## WHAT YOU HAVE TO DO
The response should consist only of the lines from the one with "used 2022 Jeep" to the end of the data below, copied exactly and without pictures.

[Short text fragments from websites]

= Beginning of Section =

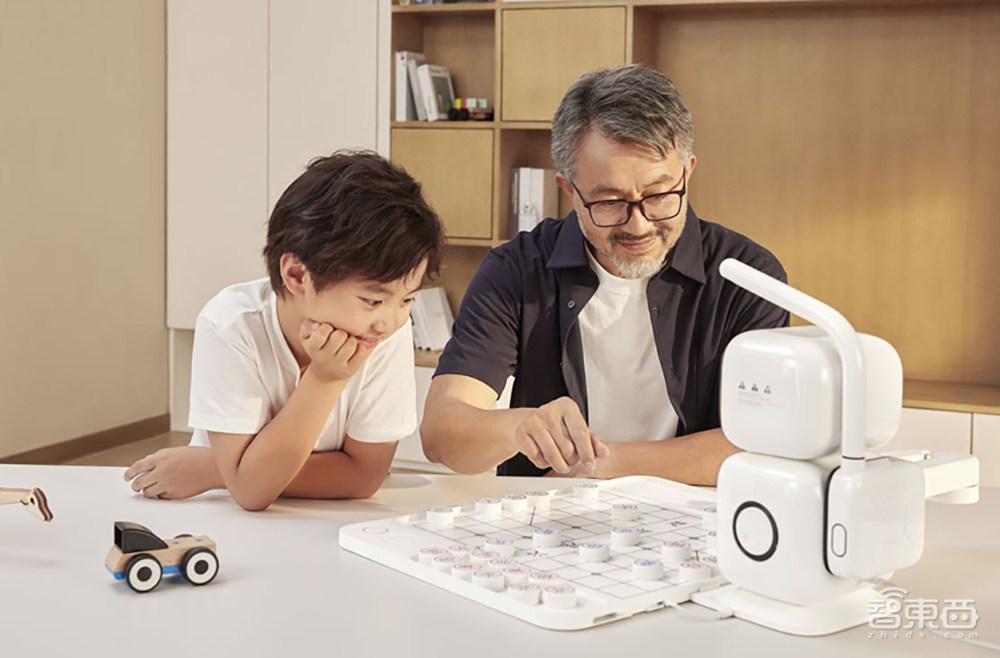 单臂执棋的AI机器人来了,“元萝卜”和之前的Alpha Go有什么不同?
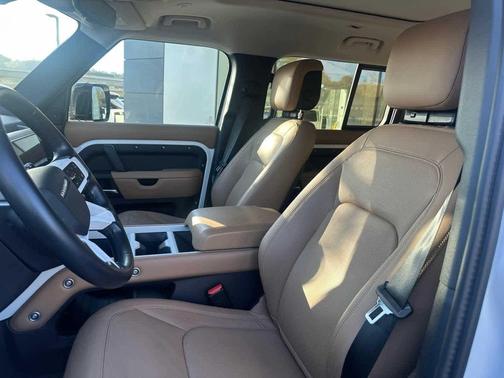 2025 Land Rover Defender 110 P400 S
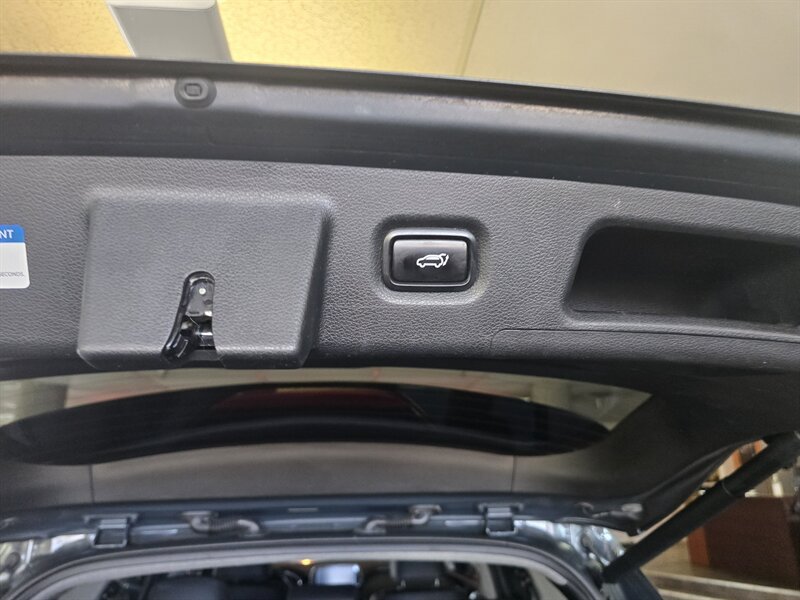 Used 2019 Hyundai Santa Fe FWD image 13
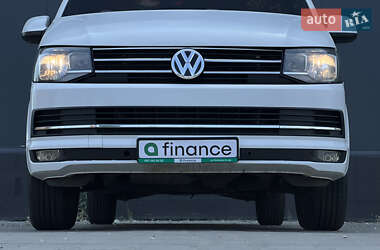 Грузовой фургон Volkswagen Transporter 2017 в 
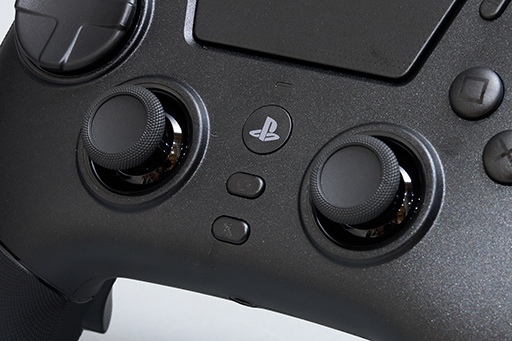 画像ギャラリー No.019のサムネイル画像 / PSレイアウト×eスポーツ前提の尖ったゲームパッド「Raiju V3 Pro」テストレポート。価格は高いが満足できる製品だ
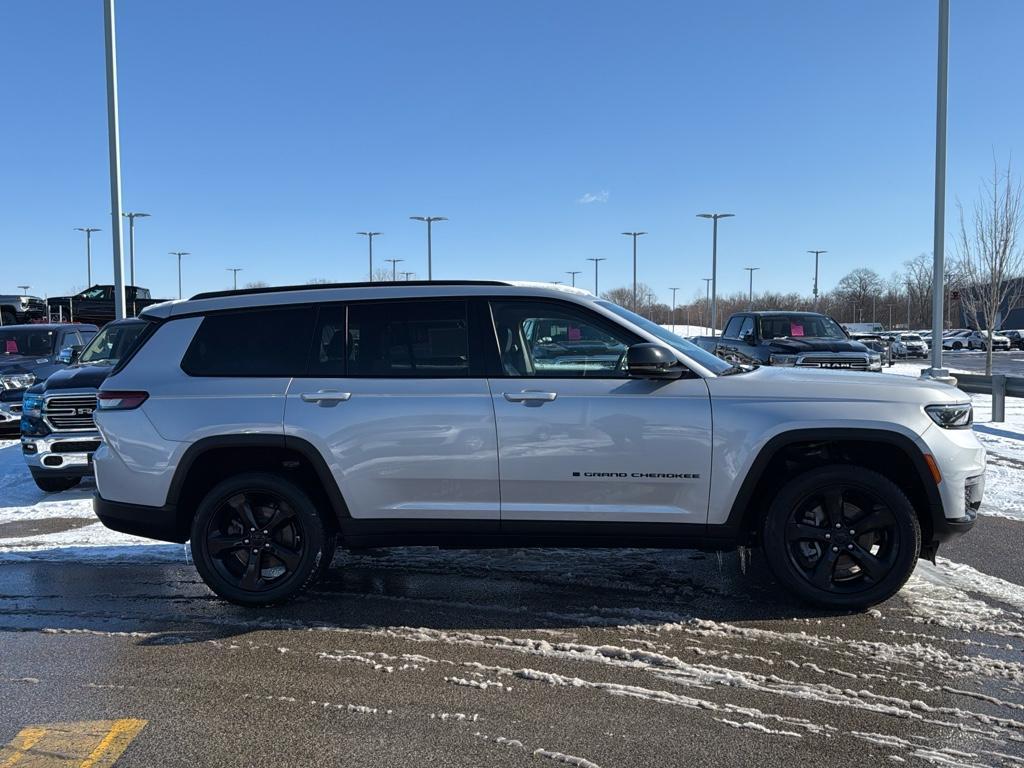 used 2022 Jeep Grand Cherokee L car, priced at $33,995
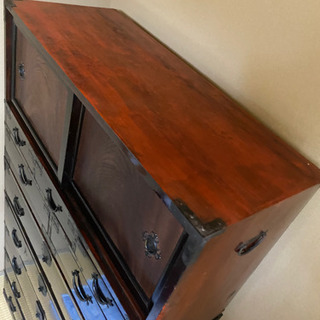 戦前のレトロな箪笥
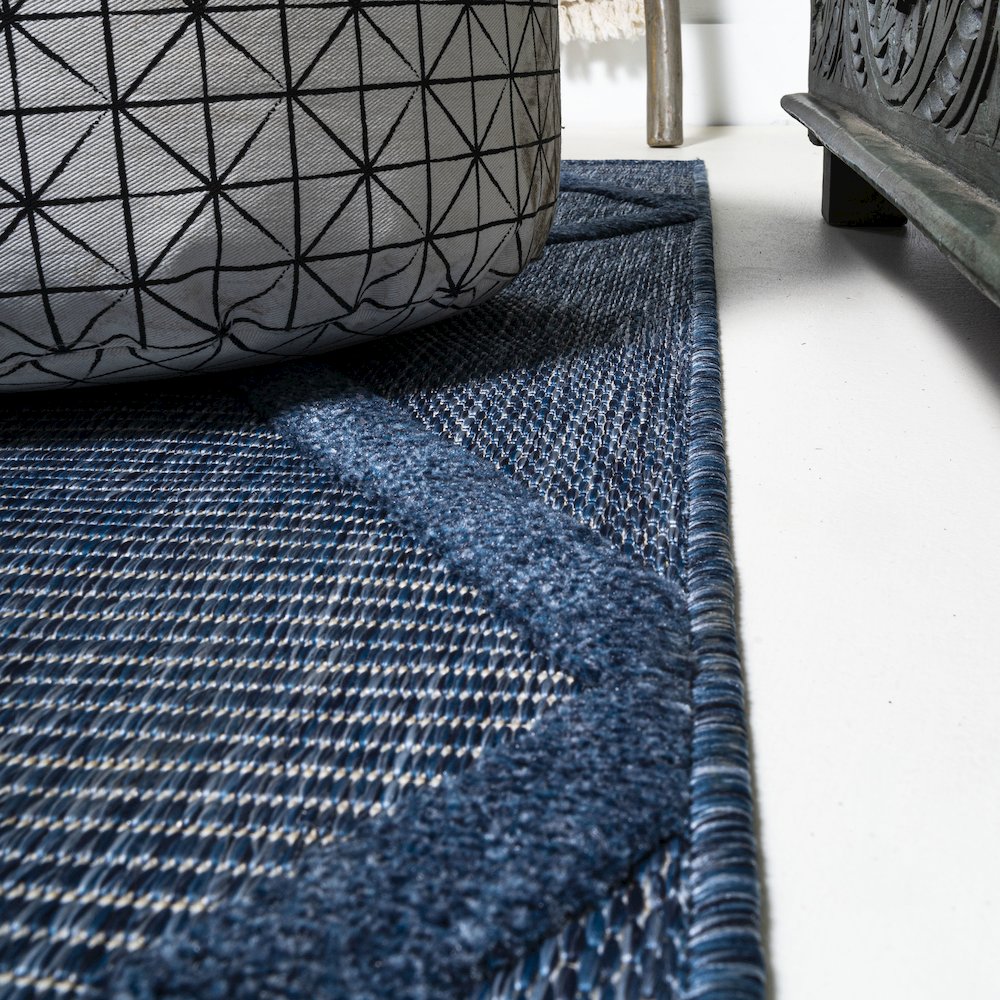 Salines Diamond Trellis Indoor/Outdoor Area Rug. Picture 7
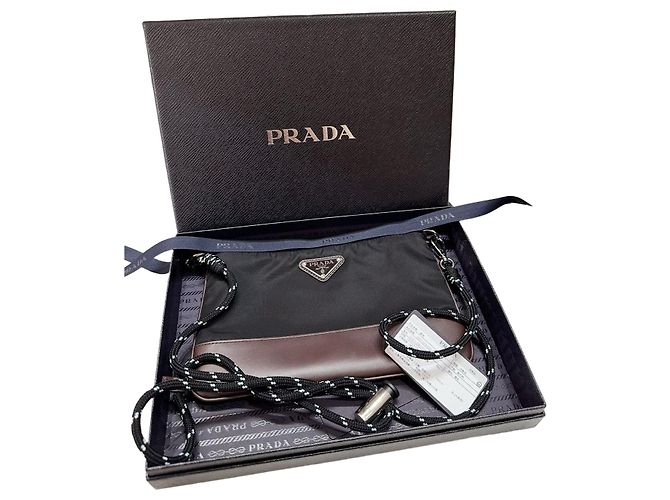 Prada Schultertasche aus Synthetik Mehrfarben
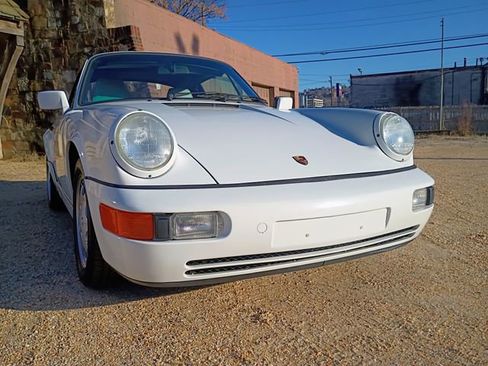 Used 1991 Porsche 911 Carrera image 2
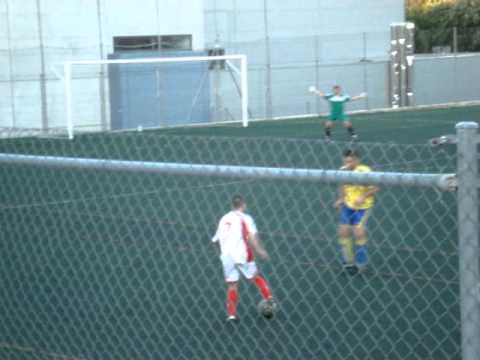 Minuto 40. Javi González lo intenta desde lejos para el Tajamar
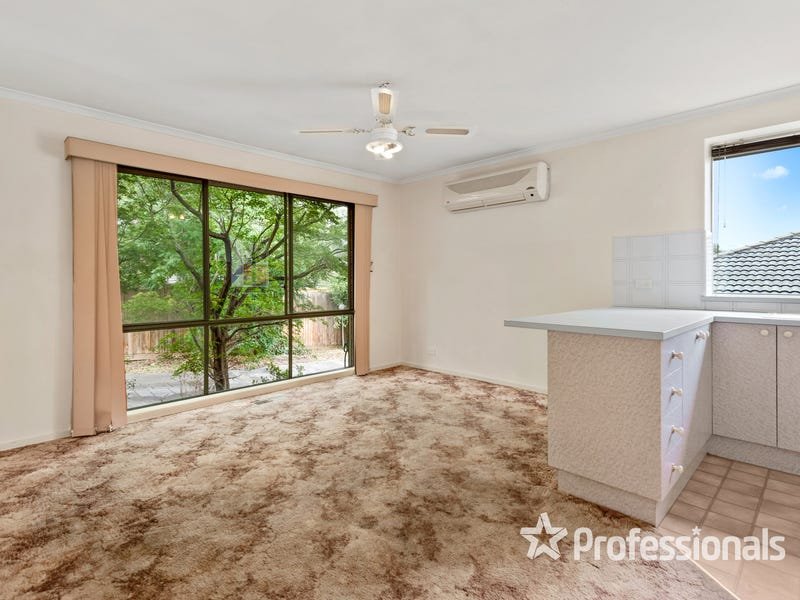 1/11 Meadow Road, Croydon North image 5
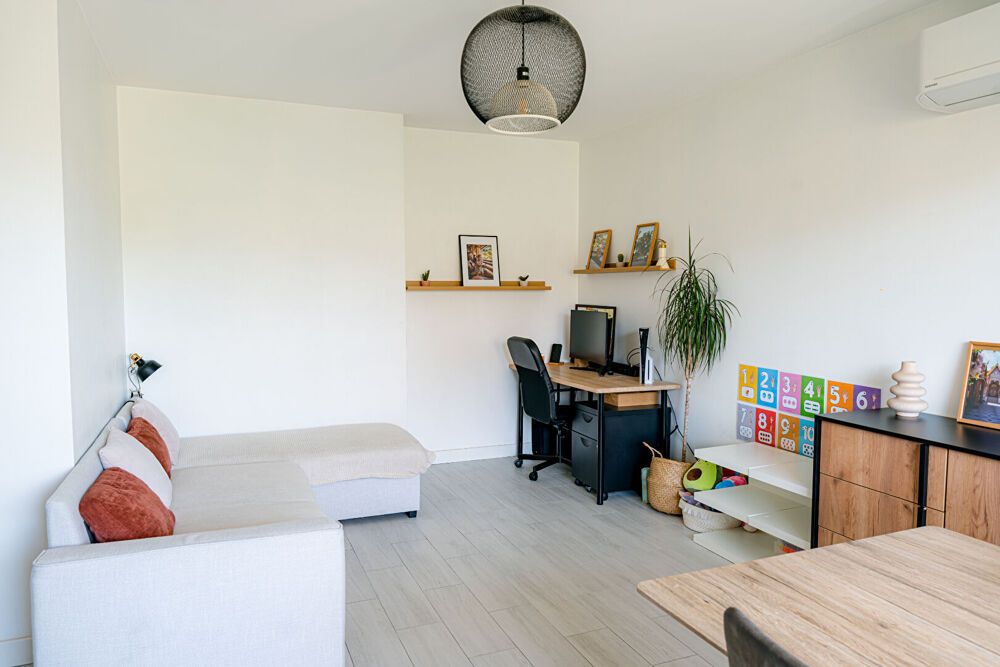 Vente Appartement Appartement  T3  63 m² .Garage double et 1cave Vaulx en velin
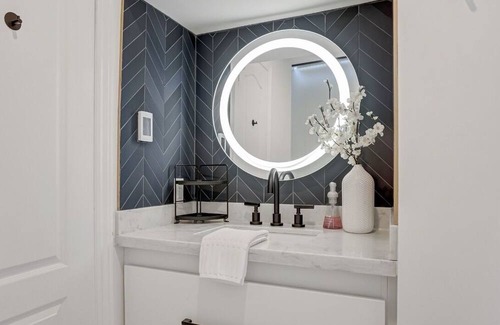Trinity - Bellwoods Casa | Stunning Trinity Bellwood 2 bedrooms home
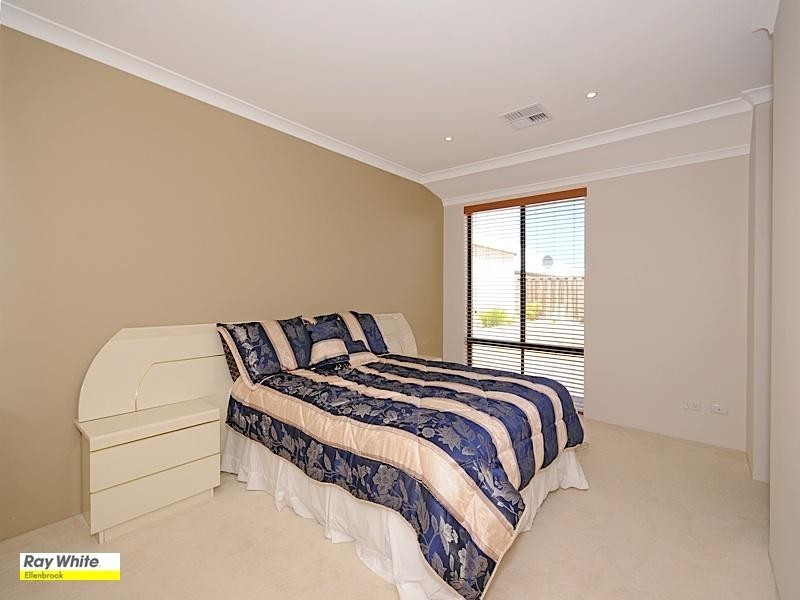 11 Petworth Drive, The Vines WA 6069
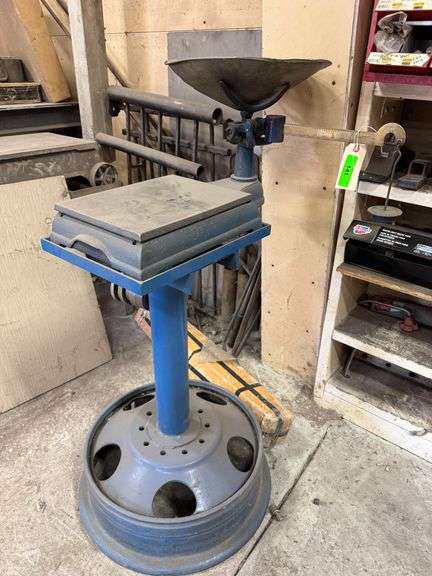 Shop Scale, Stand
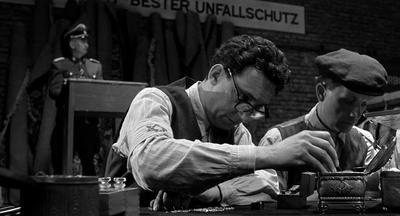 辛德勒的名单开头插曲,辛德勒的名单结尾放石头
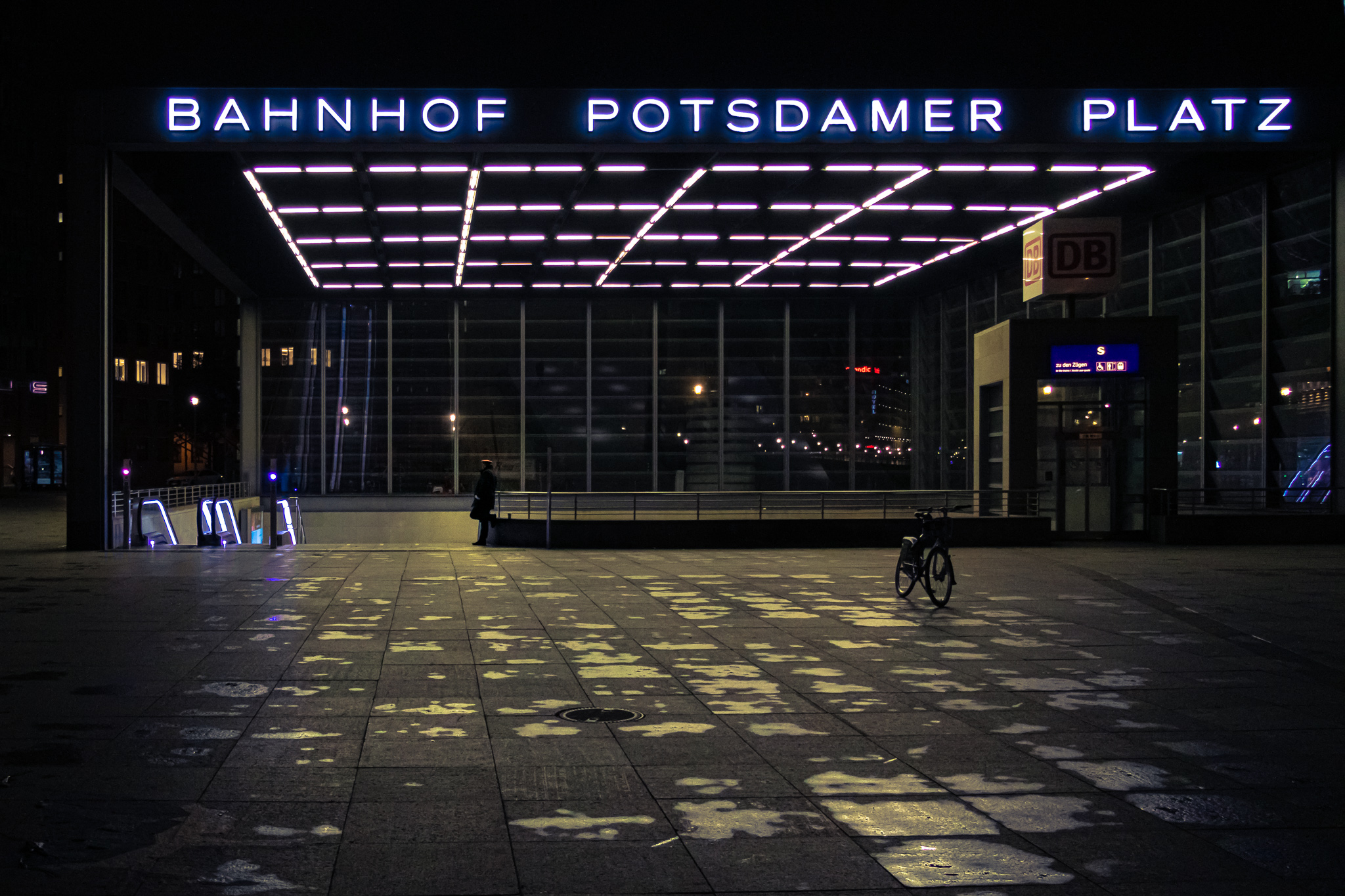 Meanwhile in the rich district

= End of Section =

## FINISHED TASK
 used 2022 Jeep Grand Cherokee L car, priced at $33,995
 戦前のレトロな箪笥
 Salines Diamond Trellis Indoor/Outdoor Area Rug. Picture 7
 Prada Schultertasche aus Synthetik Mehrfarben
 Used 1991 Porsche 911 Carrera image 2
 Minuto 40. Javi González lo intenta desde lejos para el Tajamar
 1/11 Meadow Road, Croydon North image 5
 Vente Appartement Appartement  T3  63 m² .Garage double et 1cave Vaulx en velin
Trinity - Bellwoods Casa | Stunning Trinity Bellwood 2 bedrooms home
 11 Petworth Drive, The Vines WA 6069
 Shop Scale, Stand
 辛德勒的名单开头插曲,辛德勒的名单结尾放石头
 Meanwhile in the rich district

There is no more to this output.